Possible Increased Risk of Decompression Sickness
Decompression Theory studies the effects of Nitrogen absorption in various theoretical tissue compartments. Unfortunately there are still a lot of unknowns when it comes to the reality of decompression sickness. For that reason it would be prudent to be more conservative with your dive plans as you get older. The cautious approach would be to plan your bottom times based on a deeper dive than your actual planned dive, or increase your group letter for a multi dive plan. Definitely avoid pushing your no decompression limits, better safe than sorry.

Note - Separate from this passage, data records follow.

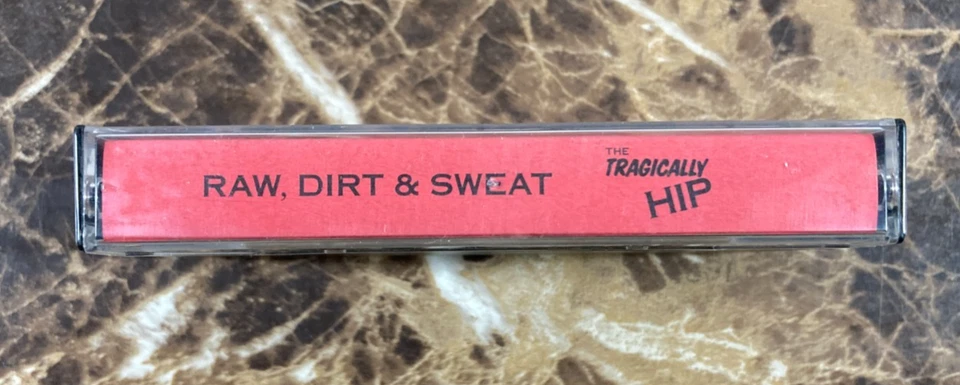 The Tragically Hip Raw Dirt & Sweat 1989 Cassette Tape Promo Rare Tested MCA Foto 2 de 4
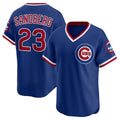 Ryne Sandberg #23 Chicago Cubs Throwback Cooperstown Limited Jersey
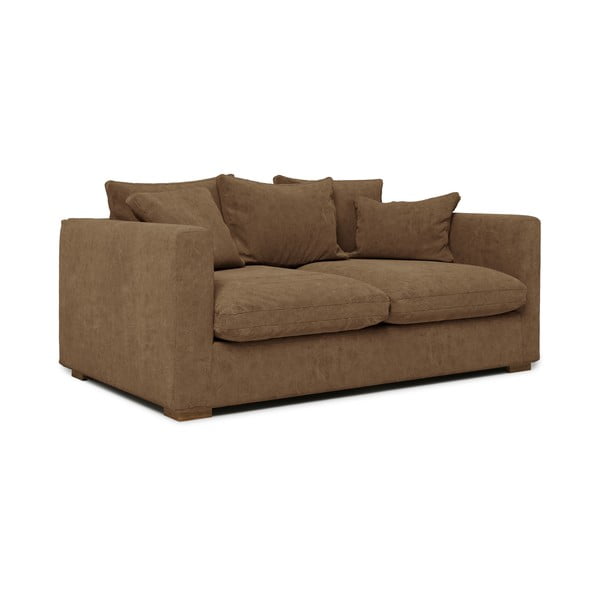 Barna kanapé 175 cm Comfy – Scandic-image-1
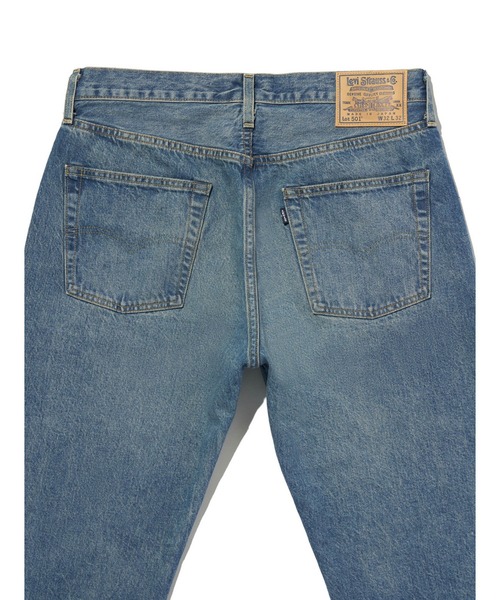 Levi's(リーバイス)の「Levi's/リーバイス BLUETAB(TM)1980's 501(R) ジーンズ ミディアムインディゴ MADE IN JAPAN(デニムパンツ・メンズ・インディゴブルー・W28 L32/W29 L32/W30 L32/W31 L32/W32 L32/W33 L32/W34 L32/W36 L32/38inch)」の10枚目の写真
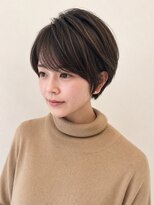 リンクス(Links) 大人ショートボブ丸みショートカットマッシュショート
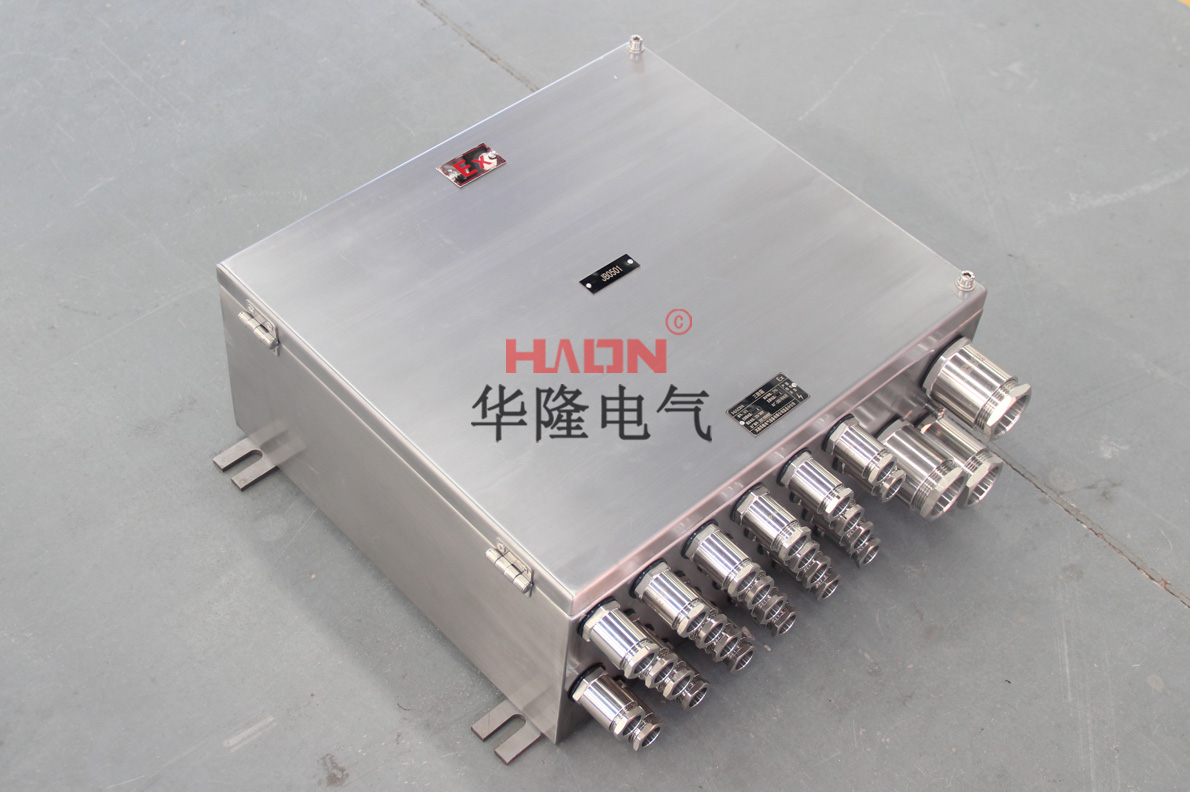 不锈钢防爆接线箱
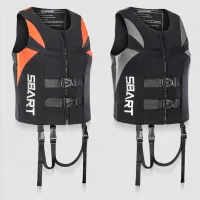 CE Approved Neoprene Adults Life-jacket Aid Vest Kayak Ski Buoyancy Fishing Watersport Universal Windsurf Surf Swim Boating  Life Jackets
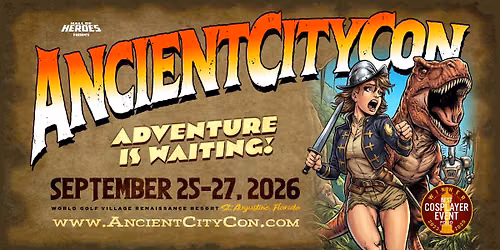 Ancient City Con 2026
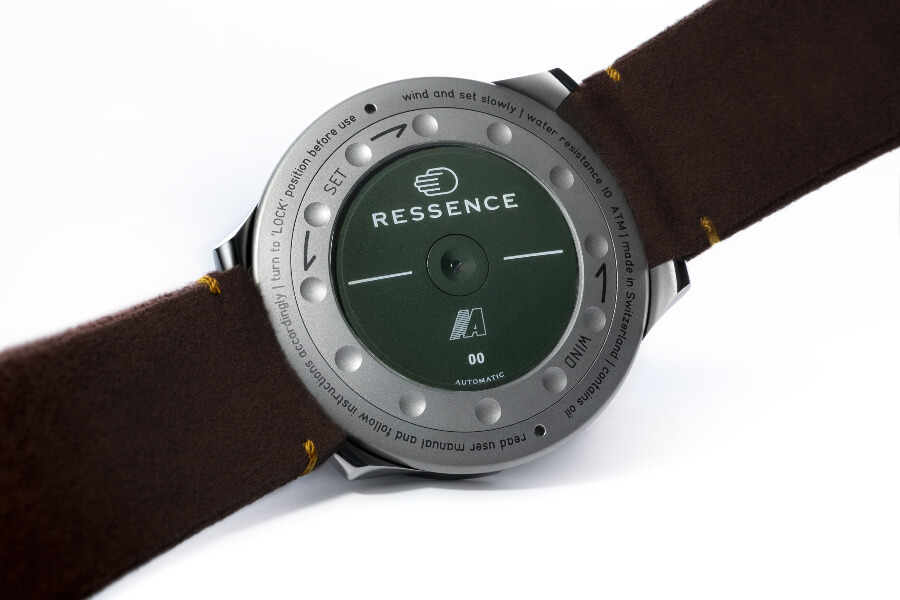 Ressence Type 5X Case Back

It is fairly common to experience reduced visual acuity, especially near field vision, as we age. Reduced ability to focus on nearby objects presents a significant problem for scuba divers. When underwater most of the features you'll be exploring will be up close and personal, so you may not be able to get as much enjoyment out of the diving experience if your vision is impaired. Even worse, you may not be able to read your gauges underwater which would make for a potentially life threatening situation!Fortunately there are solutions which address vision problems, not only for aging scuba divers, but for any scuba diver with bad vision. Prescription masks are now available to make sure you can enjoy your dive.
New experiences, travel opportunities, and relaxation make scuba an ideal recreation for active, healthy seniors to enjoy. Modern equipment, training and convenience offered by today's PADI Dive Instructors have opened scuba diving to virtually anyone with good health.
If you have not been diving for a while remember, things have changed, and for the better. This is not the good ol days. ReActivate course is a great way for certified senior divers to tune their skills before heading off to enjoy their retirement on a dive vacation.
There are also opportunities for seniors who have no wish to pursue scuba certification or just want to get a taste of what it's like. PADI offers a experience program such as Discover Scuba for those who would like to give it a try.
If you are already certified consider taking a continuing education or specialty course. It is a great way to keep your skills current and learn new skills while increasing your comfort. Park your ego at the door. More than likely you will be taking dive classes from someone who is younger than you but remember, your instructor or divemaster sincerely wants you to experience all the joy of diving while remaining safe.